During the Second World War, the Regiment served in many parts of the world and played a distinguished part in the defeat of the Italians in East Africa and the Japanese in Burma. The Royal West Africa Frontier Force provided the largest colonial expeditionary force to leave any colony and it was a West African division which was the first ever to be entirely supplied by air. The following paragraphs give, but a brief outline of the most complex and diverse operations in which the Nigeria Regiment took part.

Troops of the Nigeria Regiment, 3rd West African Brigade (Thunder), boarding a Dakota Transport plane (circa 1943).

At the outbreak of the war, the Nigeria Regiment consisted of five regular battalions with supporting arms and services. In the early part of 1940, plans were made for the move of the 1st West African Brigade to East Africa. The Brigade consisting of 1st, 2nd and 3rd battalions, Nigeria Regiment, 1st Light Battery, 1st Field Ambulance, 1st Infantry Brigade, Signals, and the 1st Field Company, R.E.; left Nigeria on June 3rd, 1940, together with a Gold Coast brigade. After taking part in the defence of Kenya, these brigades distinguished themselves in the Abyssinian Campaign. The Gold Coast brigade secured the west bank of the Juba after defeating the Italians at Bulo Erillo, whilst the Nigerian Brigade, by the capture of Merca, played an all-important part in the capture of Mogadishu. On February 13th, 1941, in company with the 22nd East African Brigade, the Nigerian Brigade advanced on Brava.
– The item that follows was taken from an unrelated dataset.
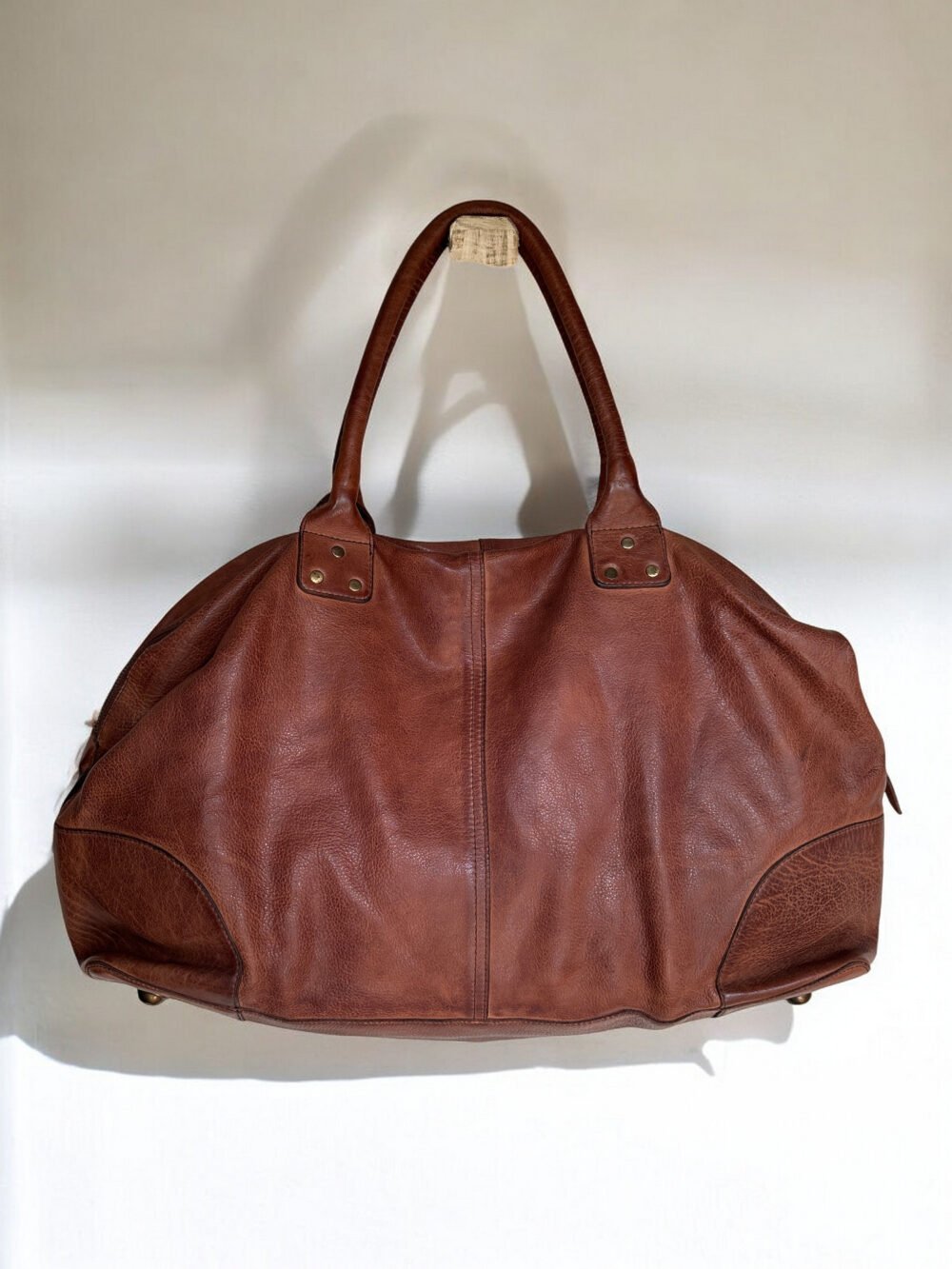 Maymith Luxe Studded Tote Duffle bag – Bold Elegance, Effortless Charm - Image 6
Despite their training in bush warfare based upon the lessons of the First World War and their short training in mobile warfare, they covered 600 miles between Mogadishu and Harar in twenty-six days, pushing the enemy before them and taking a number of guns, machine guns and prisoners. In the opinion of experts, this advance was the most rapid in the history of the East Africa Campaign.

The Brigade returned to Nigeria on September 5th, 1941 when it received an enthusiastic welcome and it provided the leaven of war-trained men for the great Expeditionary Force which was later to take part in the final defeat of the Japanese in Burma.

In 1940 it had not been anticipated that further troops would be required except for reinforcements and no further units were raised in the earlier part of the year. On the collapse of France in May and June, 1940 however, it was immediately decided to expand the Royal West African Frontier Force on a large scale and an extensive recruiting campaign was started. By the end of 1941 the Nigeria Regiment had, apart from other services, raised thirteen battalions.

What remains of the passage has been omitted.